TODAY'S TOP FIVE: A Grand Ayatollah of Truth condemning an Interim Constitution of Lies

We're Going to Alaska for the Winter - It's So Warm There Along with black box voting, sudden climate change is currently one of the things keeping me awake at night. The Senate has now voted to spend $60 million researching the possibility of sudden climate change, which some researchers say is possible due to global warming. I note with grim irony that Sen. Ted Stevens, R-Alaska, voted in favor of this program, saying that it is especially important for his home state: "He had previously expressed concern with climate warming problems in his home state such as melting permafrost, possible village relocations, receding Alaskan forests and submerged air strips." Hey Ted: If you're really so worried about it, don't vote against the McCain-Lieberman anti-global warming bill (which he did - the bill was defeated in October). Dick.
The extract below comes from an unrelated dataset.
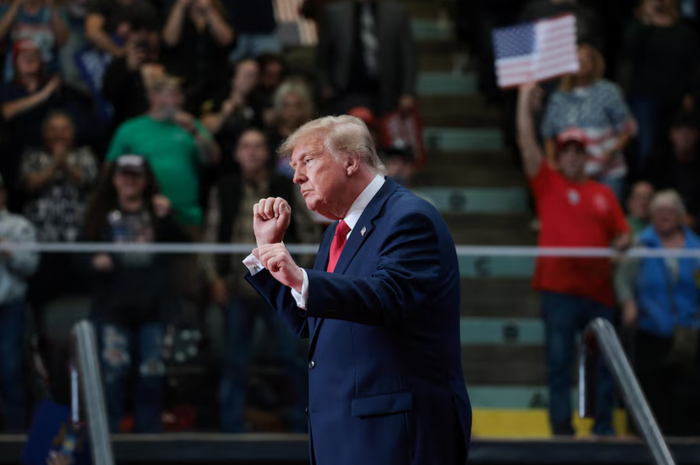 Tổng thống Mỹ Donald Trump nhảy múa tại một cuộc vận động nhằm ủng hộ ứng viên Thượng viện Mỹ của đảng Cộng hòa, cựu Hạ nghị sĩ Mike Rogers, trước thềm cuộc bầu cử giữa nhiệm kỳ. Sự kiện diễn ra tại một khu phức hợp giải trí ở Port Huron, bang Michigan, Mỹ, ngày 25/10/2026. Ảnh: Reuters/Jonathan Ernst.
Good News, Perverts! Newsday reports: "A videotape of an underage girl exposing her breasts is not child pornography, a judge decided Tuesday in a criminal case against the producer of the Girls Gone Wild' video series." Sadly, the news story doesn't mention (or perhaps the judge himself didn't indicate) exactly what, for this jurist, an underage girl would have to expose to be classified as child pornography.

Hearst Would Be Proud A University of Maryland study of the American press during the run-up to war with Iraq has concluded that the press basically screwed the pooch, acting virtually as "stenographers" for the administration's bogus claims that Saddam had a billion nuclear weapons and had personally destroyed the World Trade Center using super powers. I'm sure the press will take this criticism to heart, and begin actually digging for the truth when confronted with the administration's next round of propaganda. I'm also sure that the Great Pumpkin is going to grant me three wishes this Halloween. I want a pony!
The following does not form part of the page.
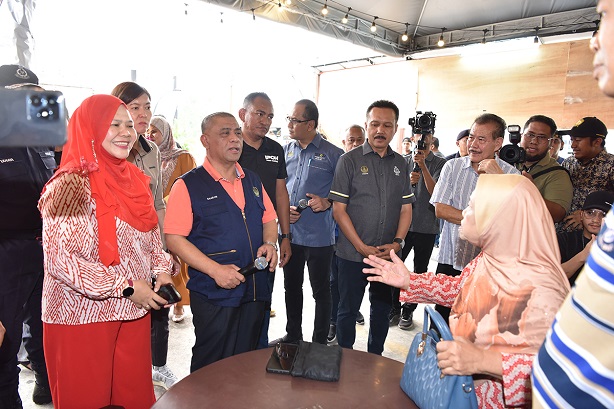 Ribut: Kerajaan Negeri Sampaikan Bantuan Wang Ihsan Kepada Peniaga Ipoh Night Market : 3 September 2023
Republican Weasels: Do As We Say, Not as We Do Progressive political groups are engaging in an unprecedented team-up effort to get rid of George Bush, spending millions on ads highlighting how bad his record is (the groups so far say they have about $70 million in pledges for the campaign; so much for the invincible Republican war chest). This is a tactic that Republicans and their sinister allies have been using for years (remember those assholes Harry and Louise?), but now that the Dems have learned how to do it, the Republicans have responded predictably: "On Tuesday night, Mr. Bush's campaign lawyers said they had filed a complaint with the Federal Election Commission saying some of these commercials are illegal because they effectively oppose Mr. Bush, and were paid for with unlimited or 'soft money' donations, which they say is a violation of campaign finance laws." Pussies.
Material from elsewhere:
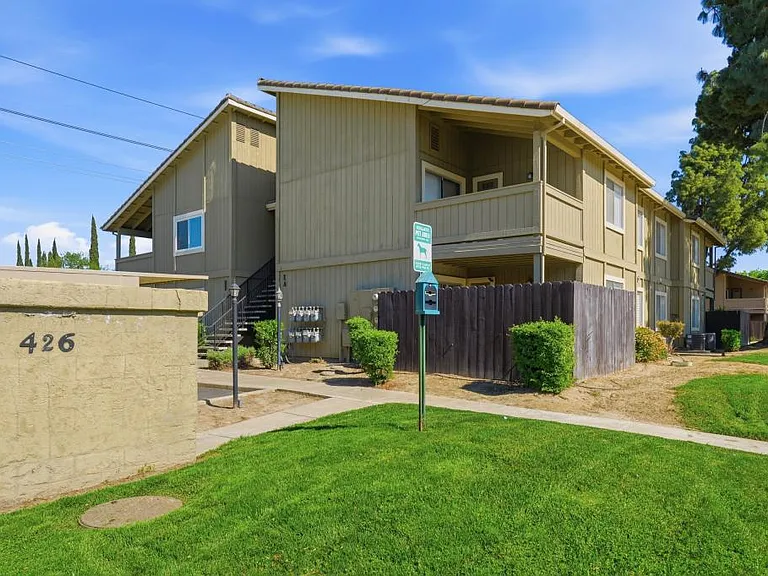426 Cherry Ln #H — Photo 1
Unintentionally Providing Me With Hours of Amusement Check it out: On George W. Bush's campaign web site, you can make your own customized Bush/Cheney poster! Apparently, someone has thought to block some of the more obvious choices, because while I was easily able to make a "Bush/Cheney: We Fear Consider Arms" poster, I was unable to make either "Experts Agree: Bush Huffs Mad Dong" or "We're A Couple of Murderous Cocksuckers." Go nuts, kids.